CSCI 333 -- Natural
Language Processing
Project Guidelines
Fall, 2011
due dates:
One- to two-page proposal due: Monday, November 14
Class presentations: December 7th and 9th
Written report due: December 12
Your assignment is to create a project that involves the design and
implementation of a major program or programs that is an example of
a natural language processing system. You have a fair amount
of flexibility in what you do for your project, but you will need to
do some research to find something appropriate.
Some suitable types of project:
- Develop a significant piece of code that builds on current
knowledge in NLP and goes beyond what we have discussed in
class.
- Do a careful comparative study of the different NLP techniques
to solve a problem, presenting computational evidence that will
help determine which techniques are the most helpful.
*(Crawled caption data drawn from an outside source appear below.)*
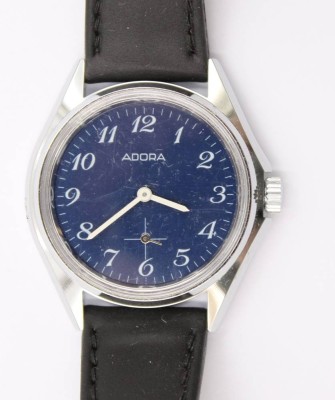 Auktion 373<br>Vintage-Armbanduhr, Adora, Handaufzug, Werk läuft, D-3,4cm, gute Erhaltung [1]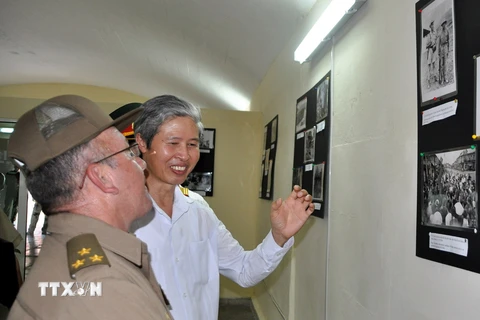 Trưng bày bộ ảnh về lịch sử Quân đội Nhân dân Việt Nam tại Cuba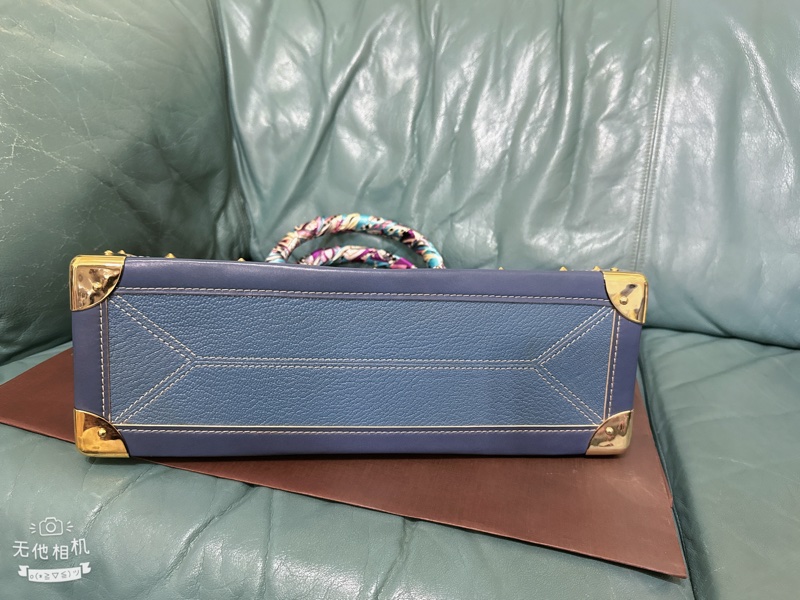 L V 路易威登 蘇哈里手提包(Louis Vuitton)-24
- Apply NLP techniques to solving an applied problem.
The best projects are usually the ones that you think up (and care
about!) yourselves. Choose an area of NLP that interests you
and that you would like to explore in depth. A list of
projects suggested by others can be found starting in
http://www.stanford.edu/class/cs224n/handouts/cs224n-fp.pdf.
Feel free to build on existing code, but be sure to give credit when
you use the work of others.
As with the homework, I encourage you to work together in pairs on
the project as you will be able to accomplish more and several eyes
on code tend to result in better quality code and fewer
errors. If you do work in a pair (and I hope you do), I ask
you to include with your final write up a description of who did
what. My intention is to give all members of a team the same
grade, but will provide individual grades if there is evidence that
some people did considerably more than others.
Your final project should not include work done for another course
unless you have permission from both me and the other instructor.
Proposal
Your one- to two-page proposal should address the following issues:
- What is the problem that you will be attacking?
- Why is this interesting as an NLP problem?
- What are relevant references to existing approaches to this
problem?
- What technical methods or approaches will you use?
- On what data will you run your system?
- How will you evaluate the performance of your system?
The section on evaluation is important. I will expect you to
accumulate data on how your program works and use at least some
statistical analysis to back up your conclusions.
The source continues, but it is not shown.